JUJUR - STAY TRUE WITH YOUR SELF


JUJUR…. STAY TRUE!!
Meski saya sering banget ngomong ke teman-teman untuk jangan takut pada segala tantangan, dan tetap percaya diri, namun praktiknya memang nggak mudah untuk dilakukan. Kadang saya sendiri masih susah banget untuk bisa menerapkannya. Mungkin bukan cuma takut dengan orang lain, tapi lebih parahnya lagi takut sama diri saya sendiri. Takut sama ketakutan yang saya ciptakan sendiri, kayak takut nggak bisa maksimal, takut mengecewakan, dll. Lewat tulisan ini, saya akan sedikit berbagi tentang ‘secuil’ cerita di balik pengalaman saya dalam sidang skripsi yang baru saja saya lewati.
Saat diumumin dengan nilai yang diperoleh, saat itu yang ada di kepala saya , Gosh!! Berarti setelah ini masih banyak perjuangan yang harus diperjuangkan. Tidak cukup sampai disini. Ekspektasinya mungkin cukup besar, padahal belum jelas juga arahyang akan saya tempuh.
Saya sadar banget saat itu, kalo saya harus melakukan persiapan yang lebih matang. Tapi di saat yang sama saya udah kebayang bahwa saya ga bisa seluasa sebelumnya kali ini. Karena saya saat itu masih dalam keadaanyang galau, karena ketika itu jadwal ujian saya mungkin bisa hari selanjutnya, tapi saya yang meminta untuk maju, entah dorongan apa yang membuat saya ingin mmemajukan hari sidang. habis itu masih ada tugas tugas yang numpuk, dll. Di sisi lain saya sadar banget, kalo saya mau dapet nilai cakep saya harus prepare jauh lebih baik, khususnya untuk sidang. Sejak menginjakkan kaki di bangku universitas terus terang saya paling takut di komponen karya tulis ilmiah. Karena saya sendiri menyadari, bahwa saya ga terlalu bagus untuk menulis ilmiah, metode penelitian juga masih kurang, dll. Apalagi dalam berbahasa arab, uslub saya masih berantakan, Paper saya sebelumnya dalam tugas materi kuliah, saya nilai agaklah berantakan, banyak lompatan berpikir, struktur ga jelas, dll. Topiknya sendiri terus terang saya juga kurang klik.

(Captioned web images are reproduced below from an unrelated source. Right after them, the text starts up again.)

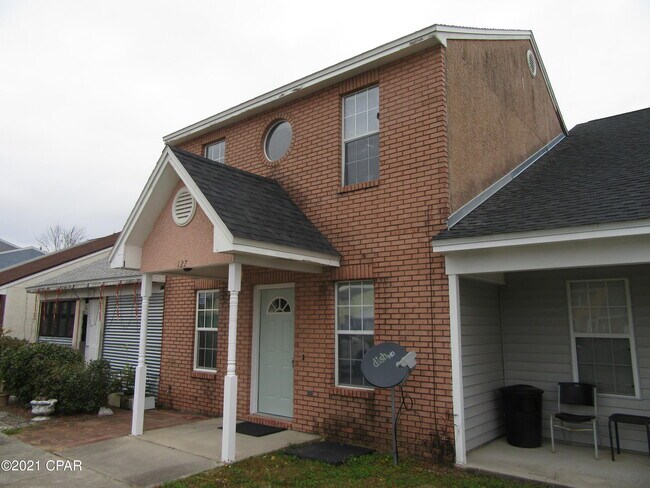 Foto del edificio - 127 Parker Village Cir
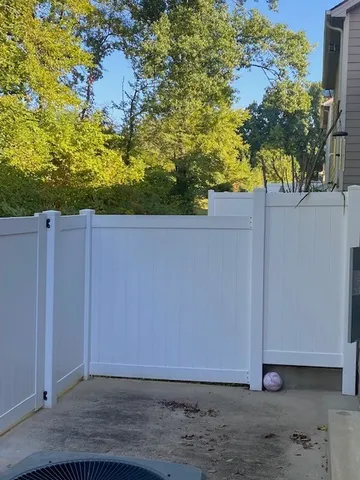 $1,975 | 1076 Neeleys Bend East, Spring Hill, TN 37174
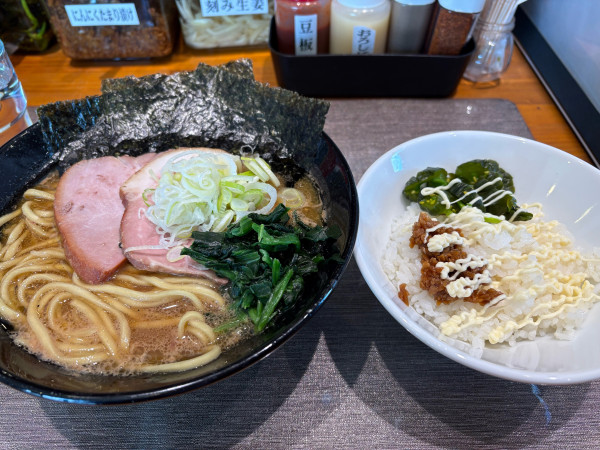 「醤油900円、小ライス100円」@らぁーめん 滿帆家の写真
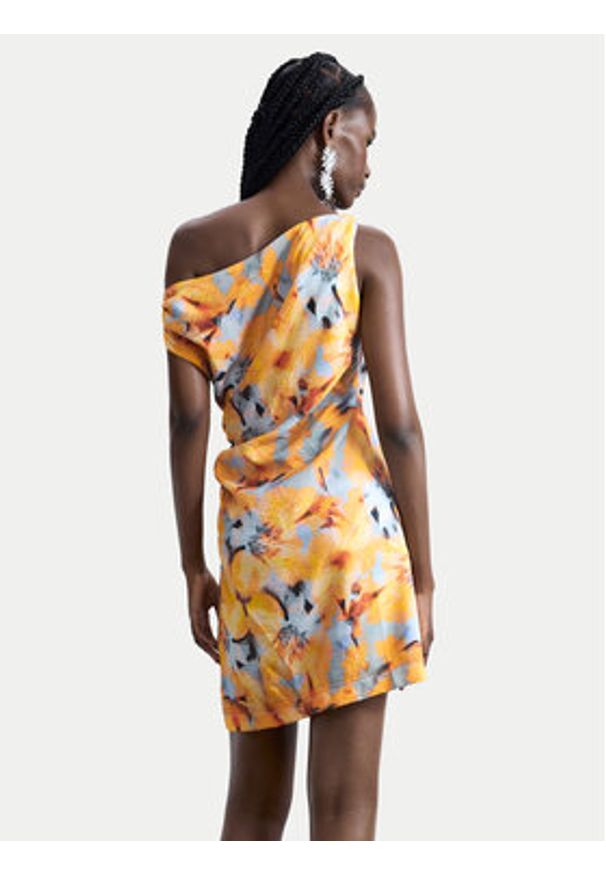 Desigual Sukienka letnia Sol 26SWVW50 Żółty Slim Fit. Kolor: żółty. Materiał: wiskoza. Sezon: lato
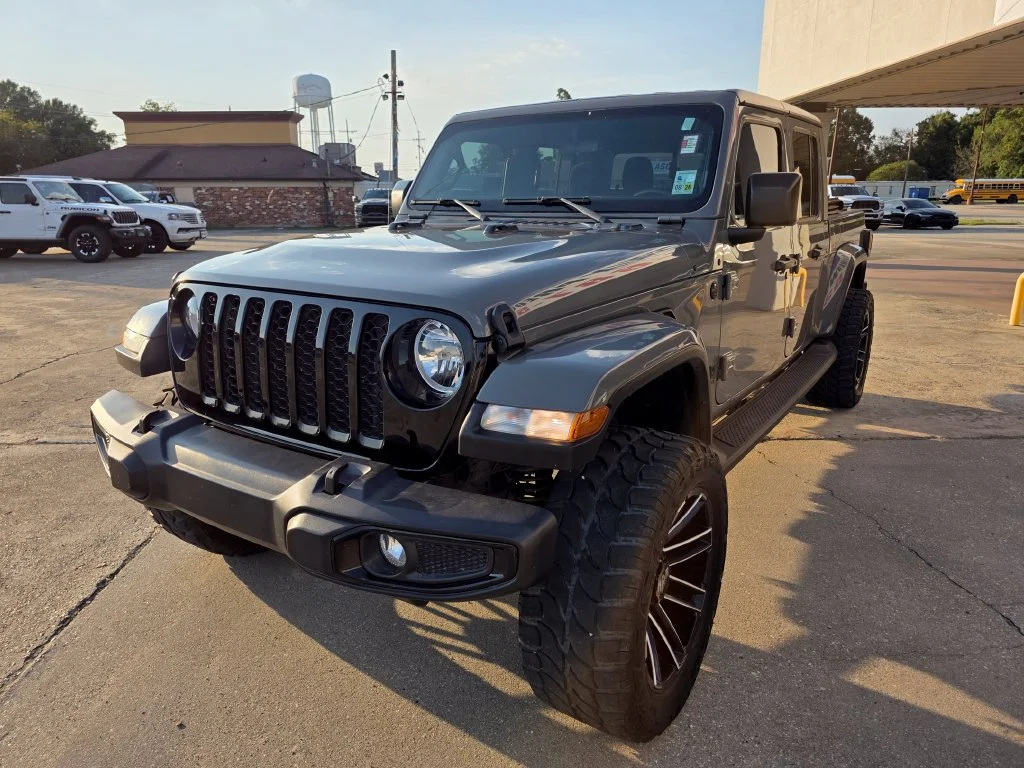Used 2021 Gray Jeep Willys image 5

Akhirnya setelah mikir-mikir dan diskusi, kepikiran untuk mengubah outline (isi) makalah saya, dengan topik yang baru dan gagasan yang baru juga. Sesuatu yang saya pikir lebih saya kuasai, sukai, dan yakini. Namun, karena saya harus tahu justifikasi ilmiahnya, saya harus kosongkan lagi gelas pikiran saya. Artinya mulai dari Nol lagi. Saya ngabisin sekitar satu minggu untuk baca jurnal-jurnal atau buku yang terkait sama apa yang saya tulis. Senang banget rasanya baca bahan, dan nemuin justifikasi dari asumsi-asumsi saya yang udah hinggap di kepala entah berapa lama. Nikmat banget baca jurnal-jurnal ini. Sampe akhirnya saya sadar, kalo waktu saya untuk ngumpulin skripsi semakin dekat.
Saya masih ingat banget, sekitar dua hari sebelum batas waktu target saya daftar sidang skripsi, saya masih belum nulis apa-apa. Apa yang ada di kepala saya meluap setelah membaca banyak selama seminggu belakangan, dan saya sadar waktu yang tersisa tinggal sedikit untuk menuliskan itu semua. Saat itu saya baru sampai di halaman ke 50 dari 4 bab yang harus saya tulis.  Malamnya saya panik, dan sempat berkecamuk untuk menyerah melanjutkannya. Saya sempat mikir, mungkin akan lebih strategis jika saya ngerevisi makalah yang ditulis waktu awal saya seminar proposal skripsi , dan sebelum saya mengajukan revisi ke dospem. Denganoutline yang sangat sederhana. Toh, saya juga tahu apa yang harus direvisi untuk bikin itu jadi lebih baik, dan waktu satu hari rasanya lebih startegis jika digunakan untuk melakukan hal tersebut, dibandingkan menulis sesuatu yang benar-benar baru. Dalam kondisi seperti ini, resikonya lebih besar, karena saya harus berjuang untuk menyelesaikan kurang lebih 20-30 halaman lagi hanya dalam satu hari, dan saya nggak akan punya waktu untuk membaca kembali(proofreading) terhadap apa yang saya tulis, apalagi meminta bimbingan pada dosen. Begitu pikir saya.karena saya punya target, tanpa terasa target itu sendiri sudah terlewati, tidak biasanya bagi saya melampaui target yang sudah saya susun.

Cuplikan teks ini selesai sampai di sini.